La nomina di Marcello Foa a presidente della Rai risulta così estrema da risultare quasi provocatoria. Eppure è tutto vero.
L’ex allievo di Montanelli, direttore e amministratore delegato del Corriere del Ticino, sovranista, anti europeista, contrario alle unioni omosessuali, sta per diventare il nuovo presidente della Rai. E’ stato scelto dal governo dopo un vertice a quattro, con Conte, Di Maio, Salvini e Tria.
Vicino al leader della Lega, Foa risulta gradito anche ai Cinque stelle per le sue posizioni anti europeiste, anti spread, che lo hanno portato a difendere la candidatura di Savona a ministro dell’economia, bocciata da Mattarella.
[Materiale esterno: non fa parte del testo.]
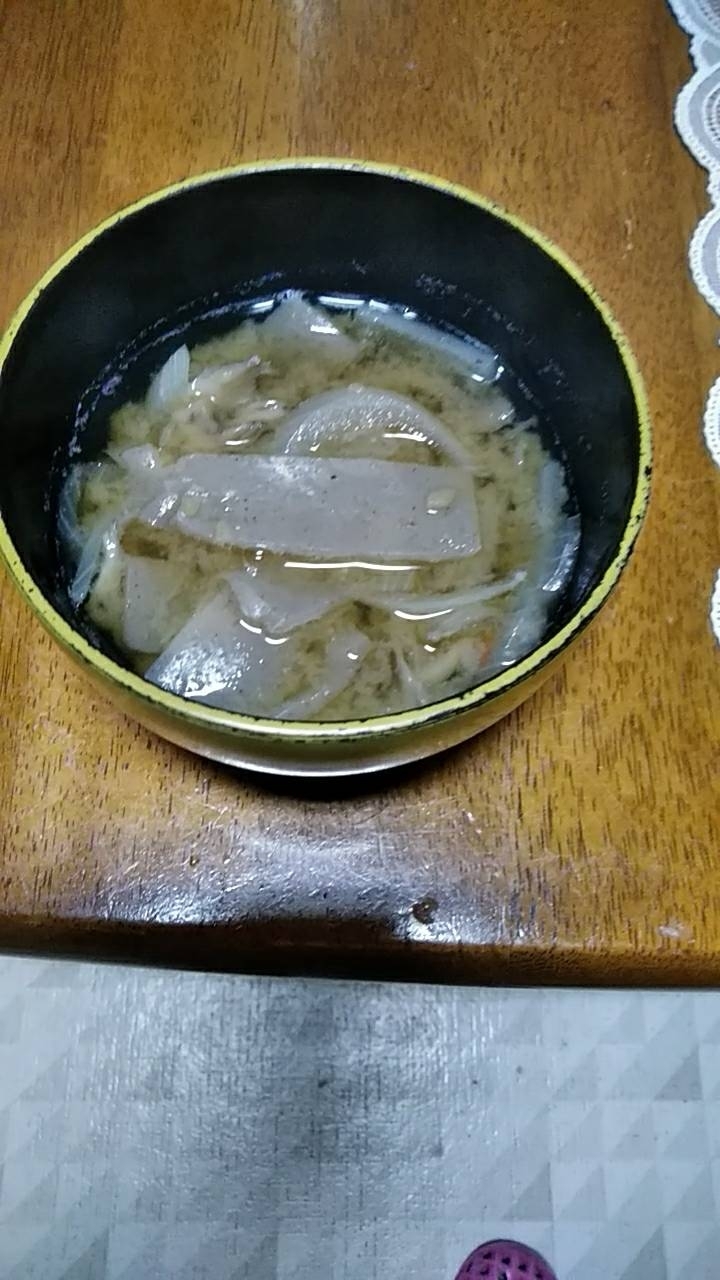 舞茸玉ねぎこんにゃくの味噌汁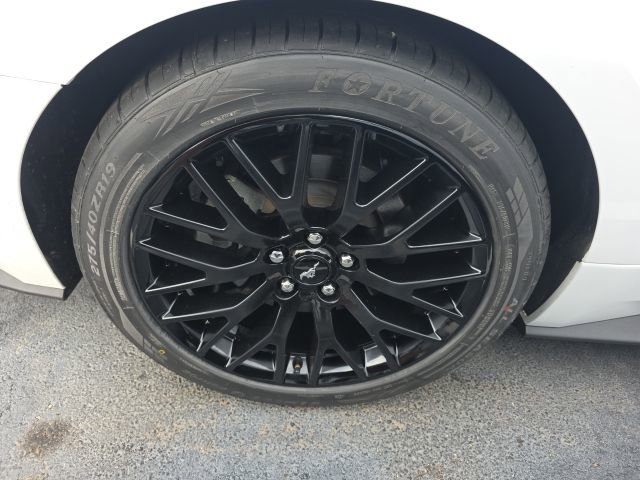 Used 2016 Ford Mustang GT Premium w/ Equipment Group 401A RWD image 22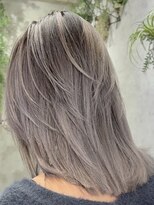 アポロ 横浜駅店(apollo)&nbsp;レイヤーボブハイライトブリーチレイヤーハイトーングレージュ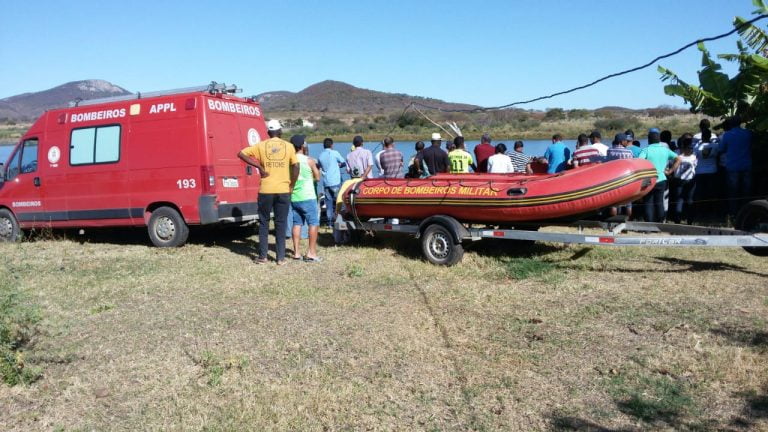 Mergulhadores do Corpo de Bombeiros inicia buscas por homem desaparecido no Poço do Magro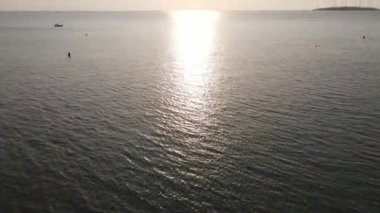 Karimunjawa, Jepara, Endonezya 'da okyanusta gün batımı manzarası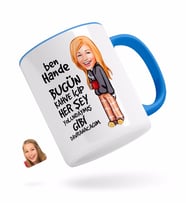 BK Gift Kişiye Özel Kadın Her Şey Yolundaymış Gibi Karikatürlü Mavi Kupa Bardak-1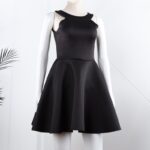 ⁦فستان قصير مخطط بالعرض لون أسود⁩ - الصورة ⁦9⁩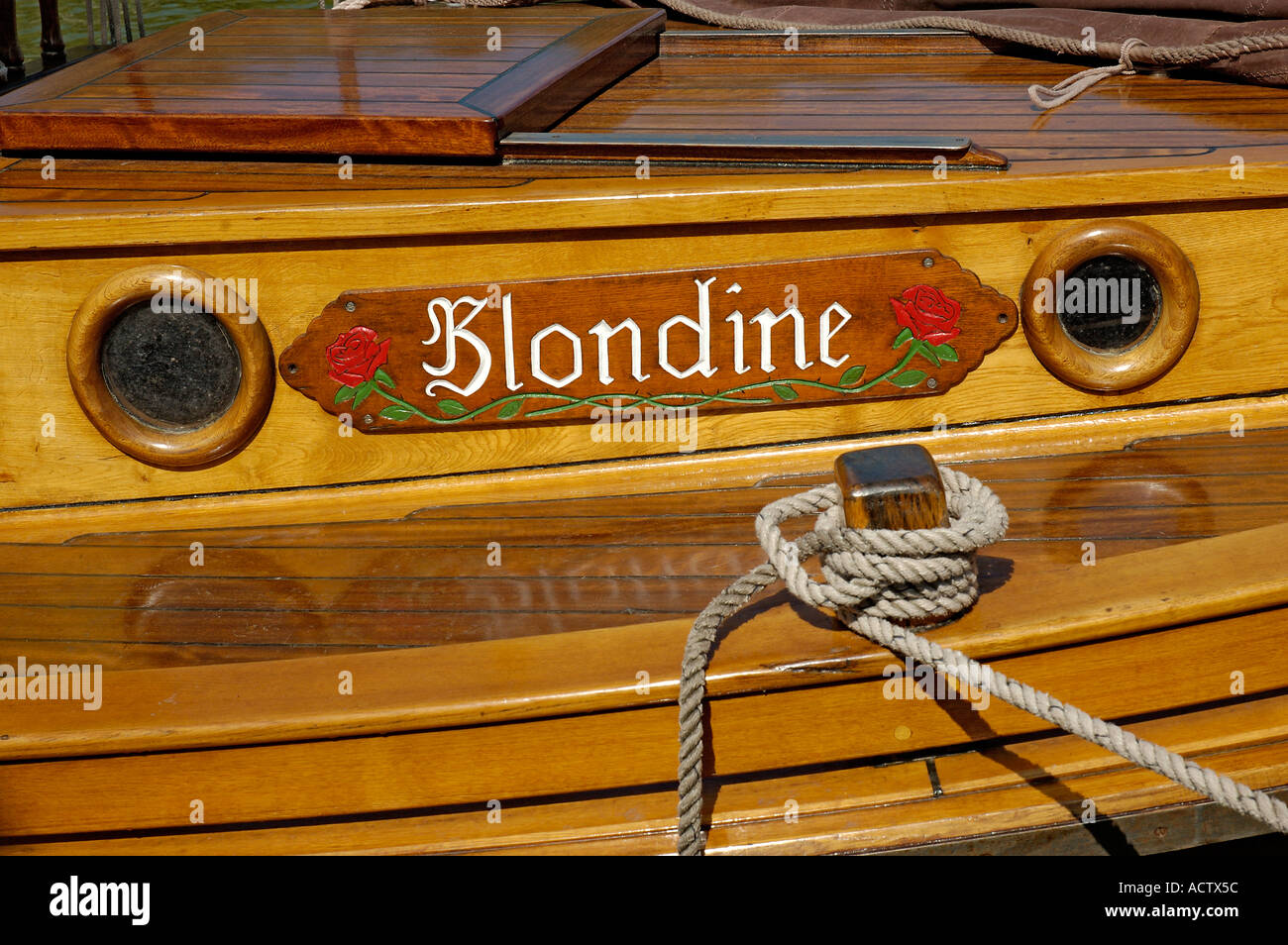 Typenschild eines traditionellen Angeln Boot namens Zeesboot im Hafen von Althagen in der Nähe von Ahrenshoop Deutschland Stockfoto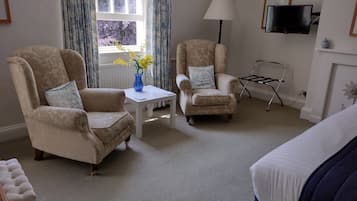 Deluxe Double or Twin Room, 1 King Bed, Valley View | Living area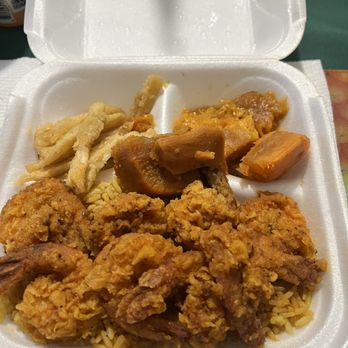 We Shuckin - 8 Shrimp and Fries Lunch, Peach Cobbler - Soul Food Near Me - Pembroke Pines, Florida We Shuckin - 8 Shrimp and Fries Lunch, Peach Cobbler - Soul Food Near Me - Pembroke Pines, Florida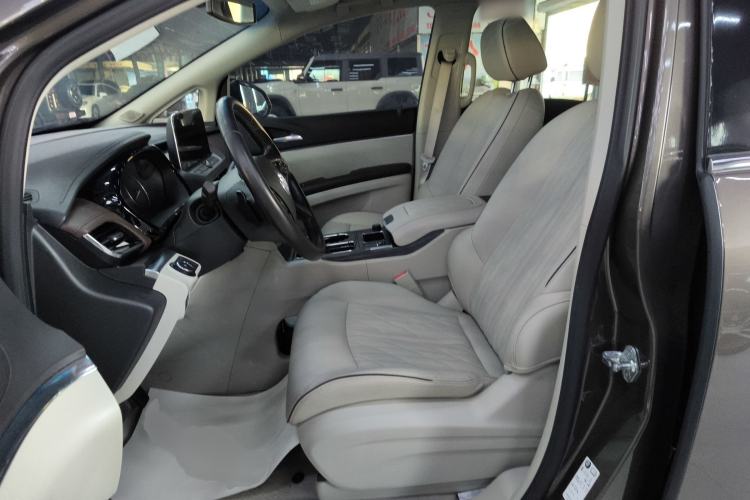 Used Buick GL8 2023 Land Executive Class 652T Luxury Model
Ed è per questo che sul Capo dello stato si sono concentrate le critiche del prossimo presidente della Tv pubblica, a lui Foa ha rivolto il termine “disgusto”, oltre ad aver ritwittato alcuni messaggi di insulti verso la sua persona, come quello del leader di Casa Pound Simone Di Stefano che definisce Mattarella blasfemo e ignobile.
L’uso di Twitter e la condivisione di messaggi altrui sembra essere una delle principali occupazioni di Marcello Foa. Sui social si trova di tutto con la sua firma: messaggi omofobi, critiche a Macron, derisioni nei confronti di altri colleghi come Lilli Gruber, fino a diventare un fan di Francesca Totolo, la donna che ha diffuso la notizie falsa delle unghie smaltate di Josepha, ma di tanti altri messaggi contro gli immigrati, che poi si è scoperto essere una collaboratrice della testata online legata a Casa Pound.
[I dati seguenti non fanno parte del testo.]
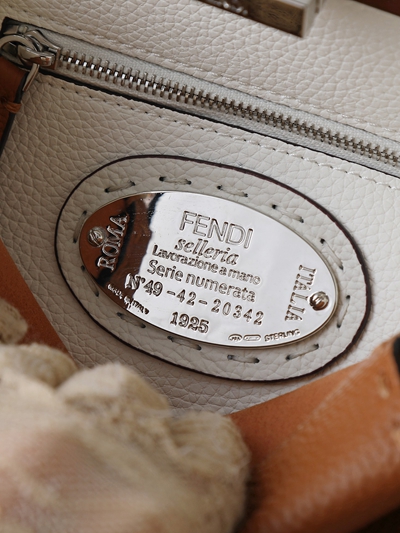 フェンディバッグ背面デザイン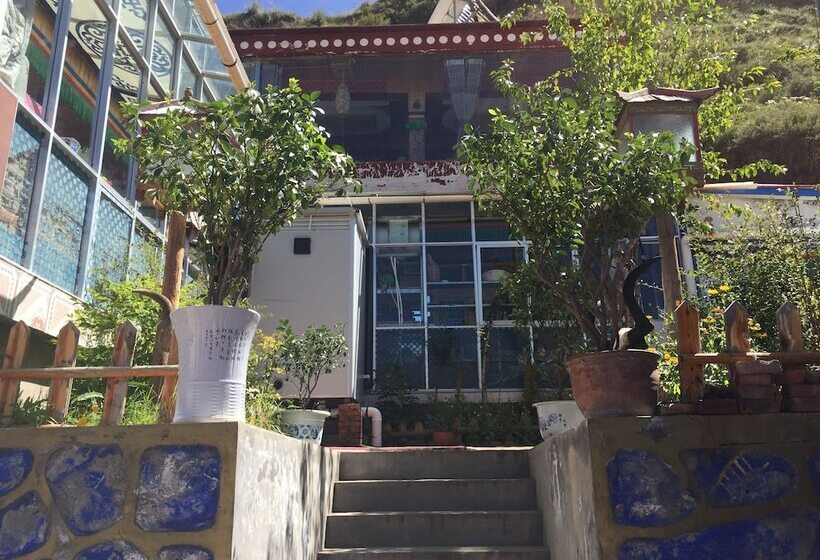 Yangkor Tibetan Homestay Hostel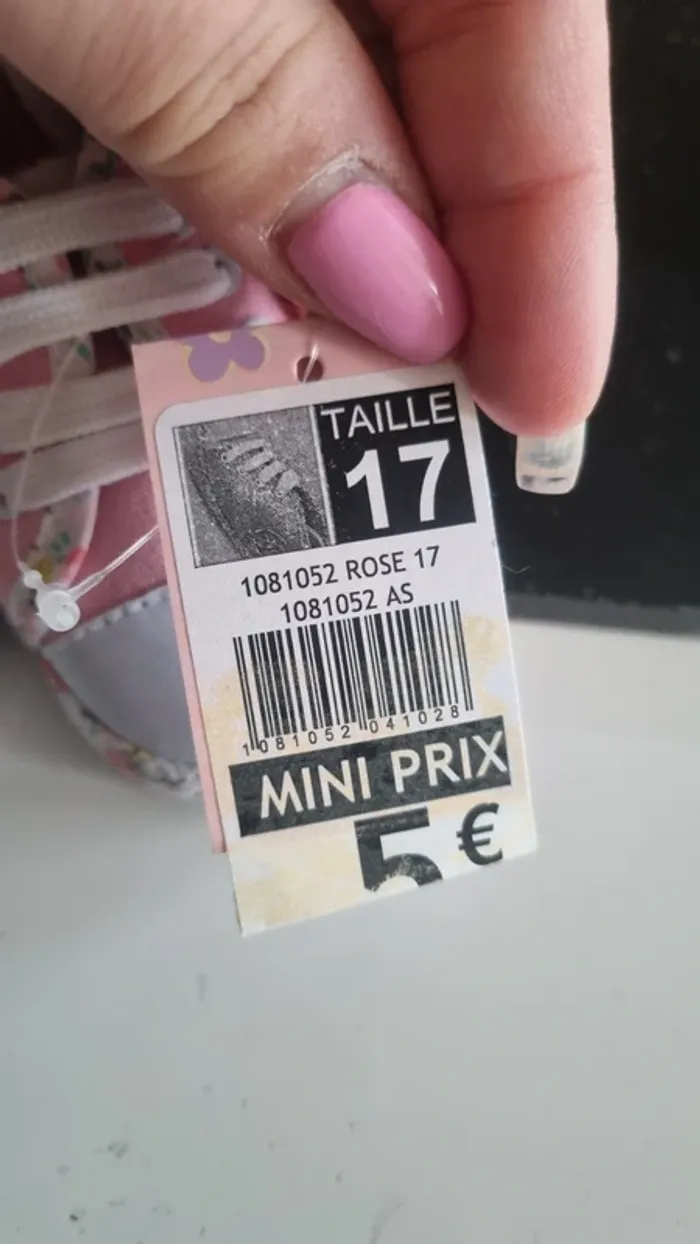 Chaussures bébé fille NEUVE - photo numéro 4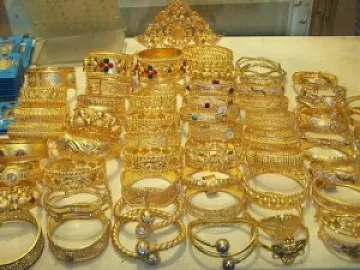 Спипаха роднина на Кадафи с 10 кила злато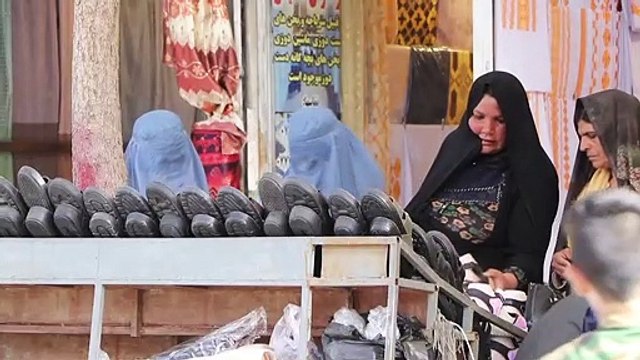 Talibãs proíbem passeios e refeições de homens e mulheres em Herat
Marcello Foa ha iniziato tanti anni fa il mestiere di giornalista imparando da Montanelli al Giornale, negli ultimi anni ha diretto il Corriere del Ticino, avvicinandosi progressivamente alle teorie sovraniste e anti immigrati di Salvini, seguendolo anche nel feeling politico con Putin, di cui è un ammiratore nelle scelte di politica estera. Con Salvini ha presentato l’ultimo suo libro dal titolo eloquente: “Gli stregoni della notizia, come si fabbrica l’informazione al servizio dei governi”.
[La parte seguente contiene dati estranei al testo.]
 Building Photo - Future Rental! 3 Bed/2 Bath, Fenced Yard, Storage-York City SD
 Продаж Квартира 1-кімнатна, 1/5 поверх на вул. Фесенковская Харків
E’ a lui quindi che dovrebbe essere affidato un ruolo che è sempre stato, almeno nelle regole, di garanzia: la presidenza della Tv pubblica, primo veicolo di informazione e di cultura del paese, da svolgere rispettando il principio del pluralismo.
Un principio che l’esperienza di Foa contraddice, ma che lo stesso Di Maio sembra non aver per nulla a cuore. Uscito da Palazzo Chigi ha riassunto in una frase l’obiettivo del nuovo corso della Rai: “una rivoluzione culturale che manderà fuori dalla Tv raccomandati e parassiti”, un inizio per nulla conciliante e positivo nei confronti dei dipendenti, che Salvini a sua volta traduce affermando che da ora in poi lavoreranno i giornalisti di destra, cioè quelli che con la sinistra sarebbero stati emarginati.
Una sorta di spoil system nell’informazione, praticando quel sistema da sempre combattuto dai Cinque stelle, ma che ora fanno proprio, ovvero la spartizione delle poltrone tra i partiti di governo.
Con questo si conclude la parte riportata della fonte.